Ces mots murmurés à l’oreille provoquèrent une décharge d’adrénaline dans le corps de la Iopette; un frisson lui remonta l’échine…
Arrivé aux reins, elle avait déjà saisi son arme par-dessus son épaule.
Aux omoplates, elle écarta Pampulilu d’un « souffle » et fit volte-face.
A la nuque, la lame acérée du sabre, fermement tenu à bout de bras, mordit le cou de l’imprudente sacrieuse dans un mouvement fluide et précis.
Le frisson finit sa course dans l’avant-bras tendu, semblant donner vie au scorbute qui y était tatoué.

De sa main libre, elle projeta une « flamiche » sur un chandelier non loin afin d’apporter un peu de lumière à la scène.

Toutes deux s’observèrent, se jaugèrent, Agarhathel qui n’avait pas bougé d’un poil, se demandait si c’était le reflet des flammes qu’elle voyait danser dans les yeux de cette déterminée Iopette.

Passé dans l’aile du nez de la sabreuse, un petit anneau en argent qui scintillait au gré de la lumière ambiante tira la Sacrieuse de son interrogation.

« … Agarhathel.
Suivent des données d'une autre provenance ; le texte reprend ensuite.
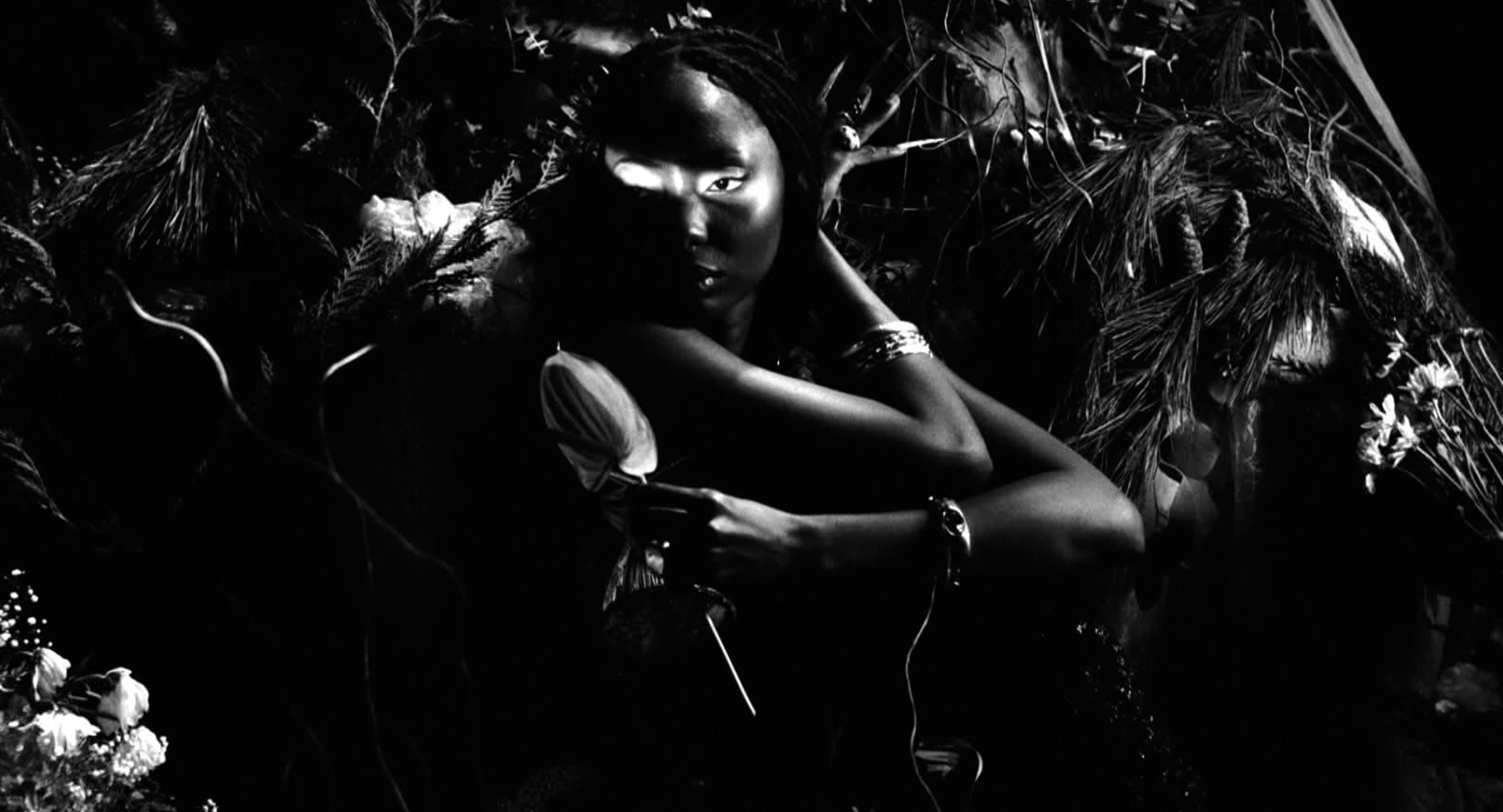 Black and white shot of a model with deep skin holding a flower with a beam of light cascading over her eyes.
Mon soutien à ta candidature, pour ce qu’il vaut, t’es accordé. » continua-t-elle comme si de rien était en repoussant du revers de deux doigts le fil de la lame qui lui entaillait le cou…
« Fleuriste, hein ?... » demanda-t-elle finalement, un demi sourire en coin tandis que la plaie cicatrisait déjà.

Devant la pondération et le pacifisme de la Sacrieuse, Aeph sortit de sa torpeur et relâcha la pression sur son sabre.
Elle reconnut la cliente qui était passée en tout début de matinée dans son échoppe.
« Agargathel ? » balbutia-t-elle gênée, une goutte de sueur froide perla sur son front alors qu’elle se remémora la photo au mur de la sacrieuse maltraitant le kralamour géant…
« Je… Je suis confuse, ce n’est pas dans mes habitudes d’agresser mes clients… ». Sur ces mots d’excuse, elle éjecta d’un mouvement sec une goutte de sang qui avait perlé sur sa lame et la rangea dans le fourreau dissimulé sous son épaisse chevelure, en travers de son dos.
« Quelle idée aussi de me surprendre comme ça, j’ai faillit avoir une attaque !! » houspilla-t-elle modérément la Sacrieuse en aidant la Sadida à se relever. « Pardon Pampulilu, j’ai crû qu’on nous attaquait, je t’ai écarté par réflexe… »

« Oui, fleuriste », répondit-elle enfin à Agarhathel après s’être assurée que Pampulilu n’avait pas besoin d’un nouveau plâtre… « Sabreuse aussi, ainsi que de nombreux autres talents cachés… » poursuivit-elle avec un sourire malicieux.
« Et, oui, je veux faire partie de cette guilde, aussi décrépie soit-elle, je veux découvrir le nouveau monde à vos côtés et... j’ai trop hâââââte !!!!... » déclara-t-elle en sautillant sur place, les poings fermés sur le menton, des étoiles plein les yeux.

Le couple était à la fois perplexe et fasciné par cette femme-enfant, ange gothique à la génétique mi-démoniaque, passionnée de fleurs et d'épées, qui ramenait déjà un peu d'animation dans l’antique guilde des Aventuriers du Dofus Perdu.